Our results demonstrate that the warm-rain clock is systematically truncated across the region due to high lifting condensation levels (LCLs) and shallow warm-cloud layers (typically <1 km). We find a notable "CAPE paradox": high instability, which usually favors storm intensity, actually suppresses the warm-rain pathway by lofting droplets into the freezing zone before they can grow via collision-coalescence. Consequently, the mixed-phase clock dominates precipitation production.
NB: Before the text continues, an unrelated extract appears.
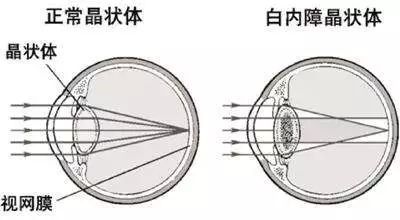狗狗的眼睛愈发浑浊？小心得上白内障-2.jpeg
In the elevated Abha region, lower cloud bases and higher moisture availability allow growth processes to complete, whereas in Hail, the evaporation clock consistently wins the race, leading to significant rainfall loss. By framing these processes through competing timescales, we provide a physically consistent mechanism to explain the regional and seasonal variations in precipitation efficiency across the peninsula.

 

How to cite: Raju, S., Gunturu, U. B., Boragapu, R., Aldhaif, A., and Abandah, K.: Competing Timescales in Deep Convection: A Framework for Assessing Warm-Rain vs. Mixed-Phase Pathways over the Arabian Peninsula, EGU General Assembly 2026, Vienna, Austria, 3–8 May 2026, EGU26-13815, https://doi.org/10.5194/egusphere-egu26-13815, 2026.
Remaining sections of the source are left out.